*Records for this task*.
##########

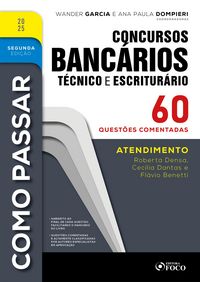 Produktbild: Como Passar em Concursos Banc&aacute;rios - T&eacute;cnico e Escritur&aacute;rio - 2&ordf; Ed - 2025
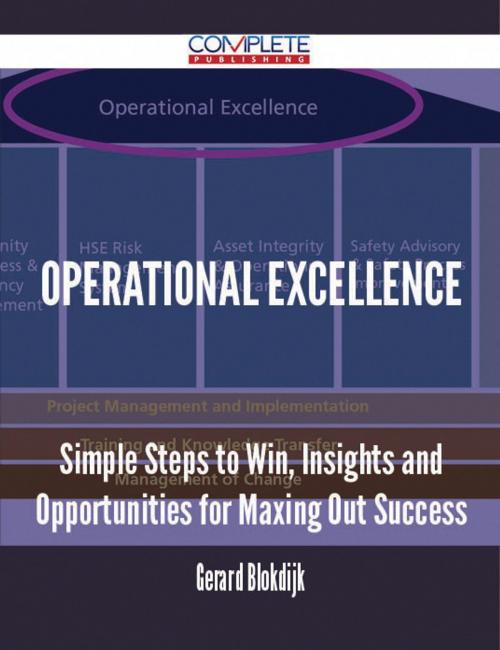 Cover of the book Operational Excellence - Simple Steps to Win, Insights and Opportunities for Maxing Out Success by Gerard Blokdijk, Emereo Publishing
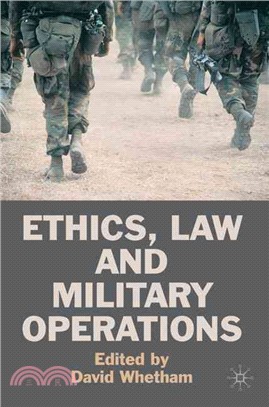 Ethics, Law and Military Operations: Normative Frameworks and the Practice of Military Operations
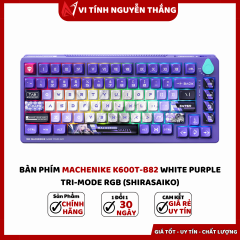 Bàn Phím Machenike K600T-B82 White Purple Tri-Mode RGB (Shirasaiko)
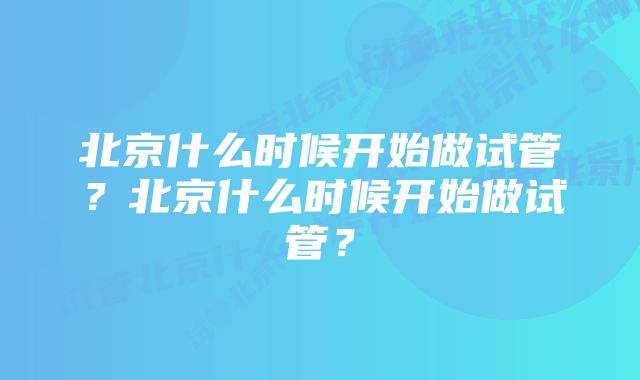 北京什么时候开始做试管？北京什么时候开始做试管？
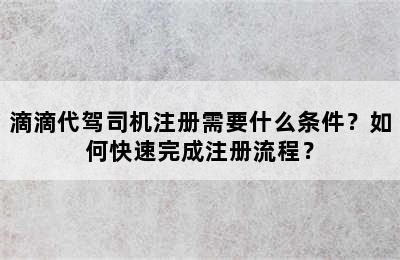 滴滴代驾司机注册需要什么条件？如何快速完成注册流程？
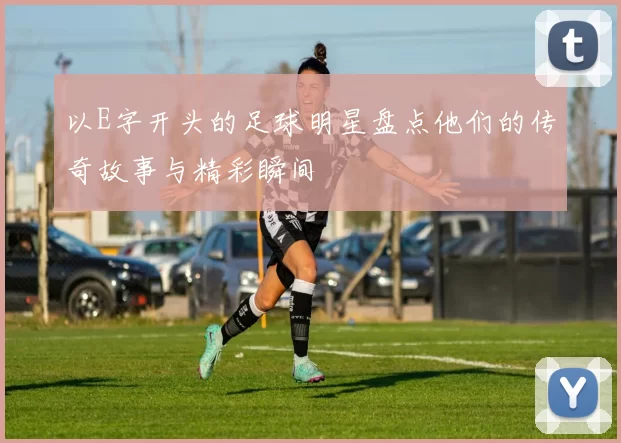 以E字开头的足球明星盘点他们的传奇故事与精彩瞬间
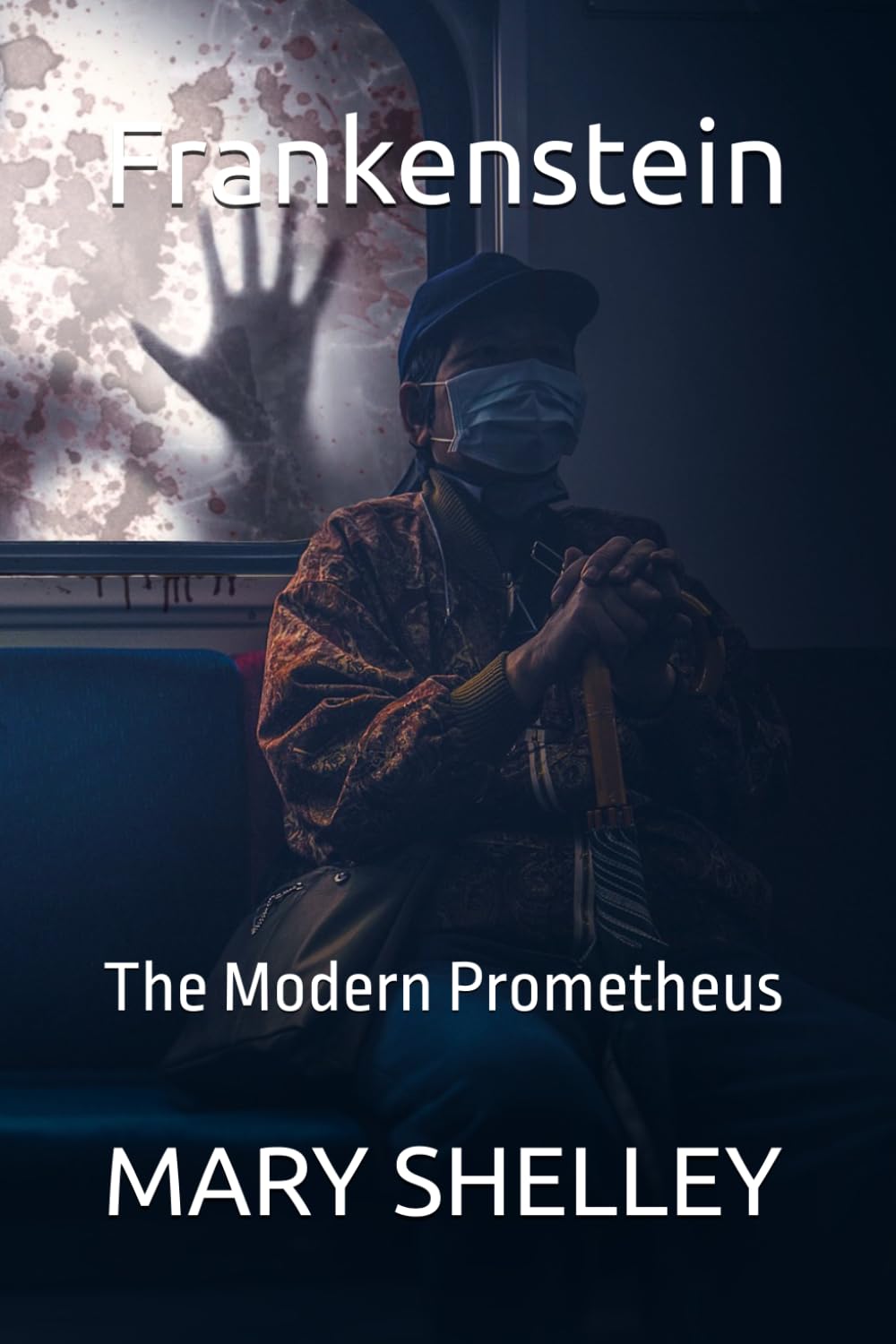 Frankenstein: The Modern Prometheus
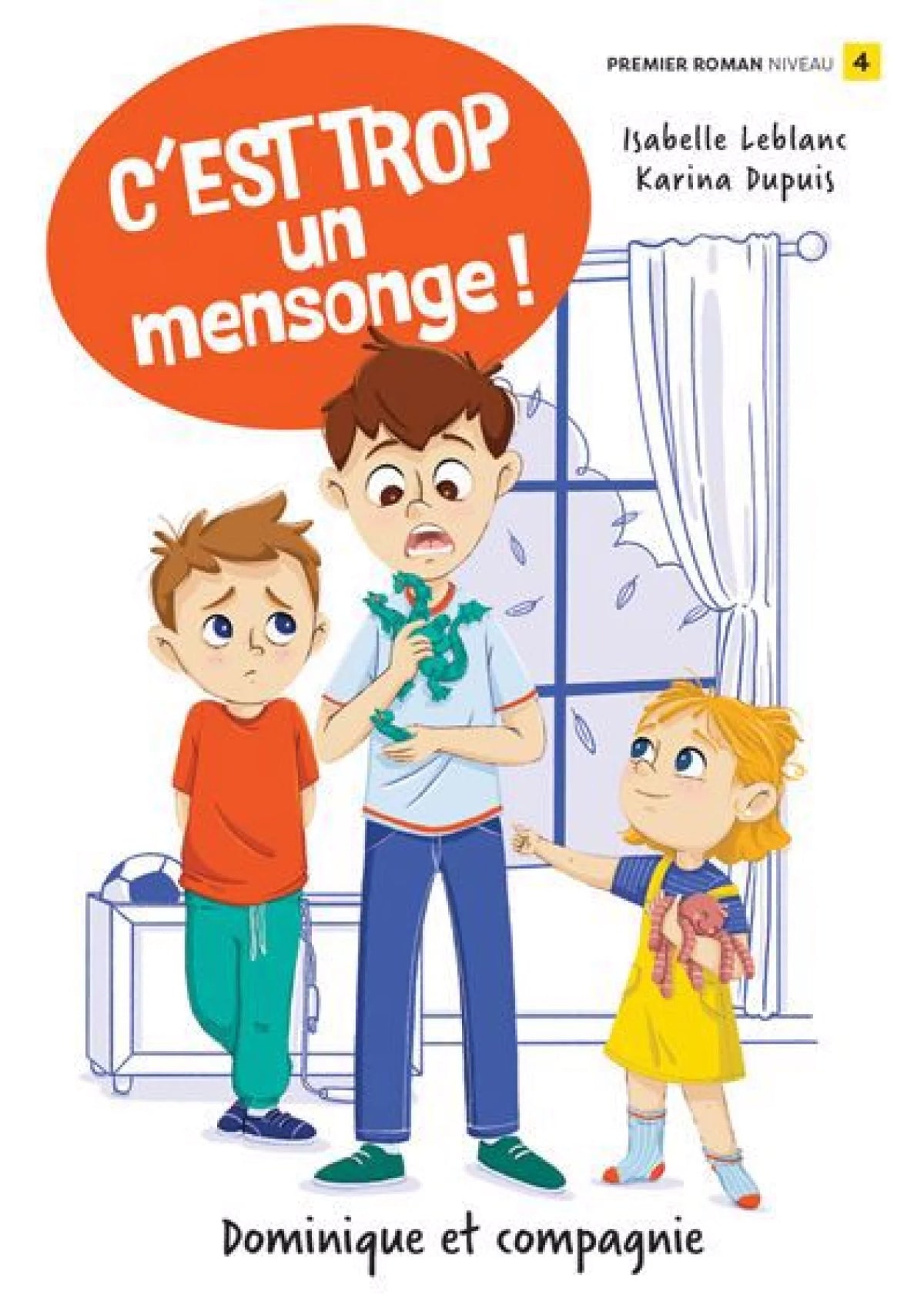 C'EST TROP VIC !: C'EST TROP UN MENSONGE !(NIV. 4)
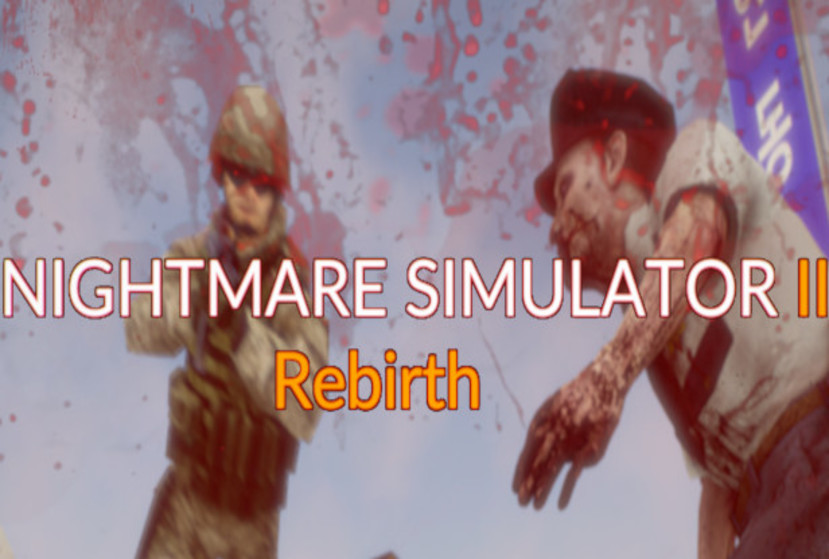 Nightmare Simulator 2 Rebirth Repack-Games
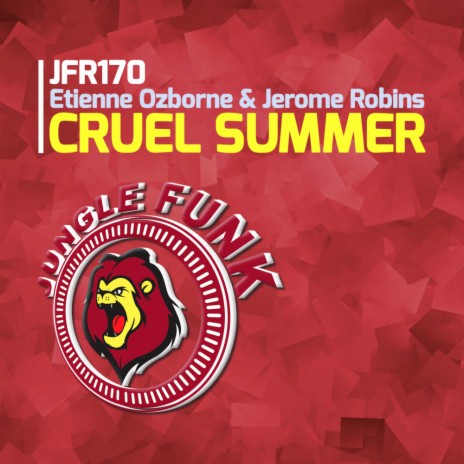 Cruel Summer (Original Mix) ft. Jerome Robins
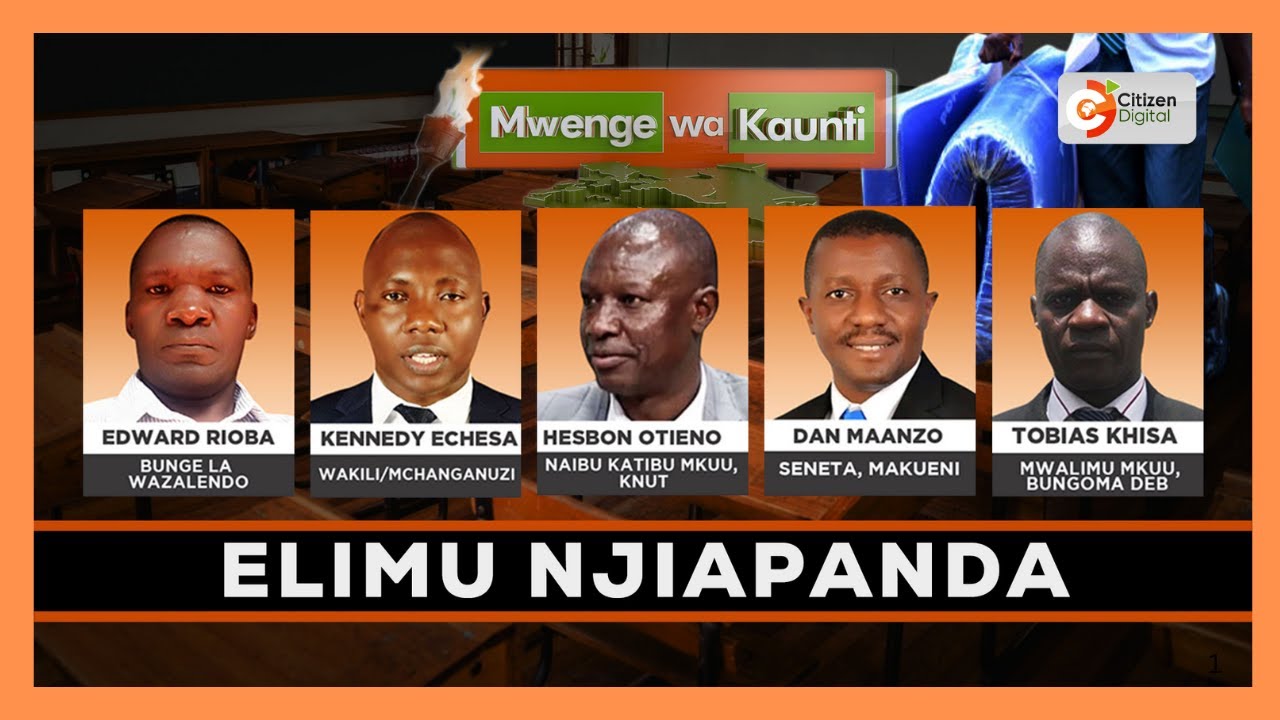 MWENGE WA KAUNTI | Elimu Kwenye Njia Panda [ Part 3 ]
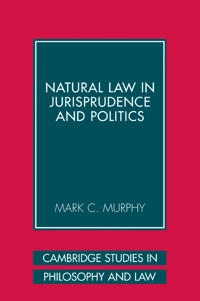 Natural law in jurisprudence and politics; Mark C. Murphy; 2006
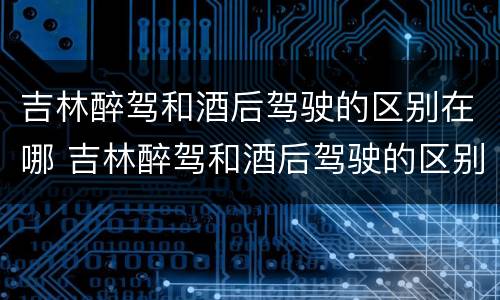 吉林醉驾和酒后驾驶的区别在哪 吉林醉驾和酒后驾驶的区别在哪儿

##########

*What you should do*.
Find the line containing "Frankenstein: The Modern Prometheus" in the listing above. Restate it and every line after it, word for word, through the final line, leaving out the pictures.

*Solution to this exercise*.
 Frankenstein: The Modern Prometheus
 C'EST TROP VIC !: C'EST TROP UN MENSONGE !(NIV. 4)
 Nightmare Simulator 2 Rebirth Repack-Games
 Cruel Summer (Original Mix) ft. Jerome Robins
 MWENGE WA KAUNTI | Elimu Kwenye Njia Panda [ Part 3 ]
 Natural law in jurisprudence and politics; Mark C. Murphy; 2006
 吉林醉驾和酒后驾驶的区别在哪 吉林醉驾和酒后驾驶的区别在哪儿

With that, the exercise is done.